Remember last week when we decided to do a happy dance and chug our drinks when Tierra goes home…. HERE YA GO!!!!


Ok, so now Catherine is crying in the next segment…let’s find out why….so one person is gone (Tierra!  HELL YES!) and Lindsay as a rose…so who else is going home?  I’m going with Lesley…for not opening up to him at all about anything.  All the other girls have…so I think that’s it.  Leah says she did after her 3 minutes kiss… I don’t remember this….

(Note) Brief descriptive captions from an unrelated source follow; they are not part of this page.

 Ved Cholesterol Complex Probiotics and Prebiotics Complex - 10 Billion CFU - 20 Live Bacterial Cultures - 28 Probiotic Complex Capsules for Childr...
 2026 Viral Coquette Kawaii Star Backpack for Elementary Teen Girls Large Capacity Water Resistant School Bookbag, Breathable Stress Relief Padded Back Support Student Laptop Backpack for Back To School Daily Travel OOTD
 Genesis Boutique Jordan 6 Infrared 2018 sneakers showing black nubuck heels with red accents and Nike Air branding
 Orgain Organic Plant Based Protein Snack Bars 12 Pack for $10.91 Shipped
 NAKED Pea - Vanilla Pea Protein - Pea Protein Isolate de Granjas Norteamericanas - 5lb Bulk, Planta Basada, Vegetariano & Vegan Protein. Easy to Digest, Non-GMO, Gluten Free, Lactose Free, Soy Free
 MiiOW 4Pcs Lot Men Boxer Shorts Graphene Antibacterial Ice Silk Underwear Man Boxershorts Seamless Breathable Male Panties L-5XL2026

No one knows Tierra is gone yet?!  This is amazing.  They’re all going to be so happy.  So what breaks Catherine down later??  Shit…it’s Wide-Eyes….she’s going home.  I still want it to be Lesley, but who knows…Wide-Eyes should go talk to him…she’s a pretty cool girl aside from the Wide Eyes and Wide Boobs (WEWB).

Rose Ceremony predictions: Leah says – She’d like it to be Catherine but she has a sneaking suspicion it’s going to be Wide-Eyes.  I’d like it to be Lesley, but again with the Wide-Eye suspicion.
**I’ve been right about the order as well…just FYI…**

Going home: Lesley.  Lord I am SO FUCKING GOOD AT THIS GAME.  Wide-Eyes was close, but I think you’re allowed a certain amount of crazy and drama after you’ve admitted that you love someone…to their face…while screaming it to the world.

Lesley cried…and it’s official… I’m drunk…Did Catherine just make this about her??  Anyone else think that Catherine is going to volunteer to go home??  BTW, maybe if Lesley’s dress wasn’t so ugly she’d have a shot.  I just saw her strapless bra.

Next week: Ginger asks Lindsey’s dad for her hand in marriage just in case he doesn’t get a chance to ask him later… we were so looking forward to the army brat family visit, but Des’ brother wants to FIGHT GINGER.  I’M WAY TOO FUCKING EXCITED FOR THAT!!!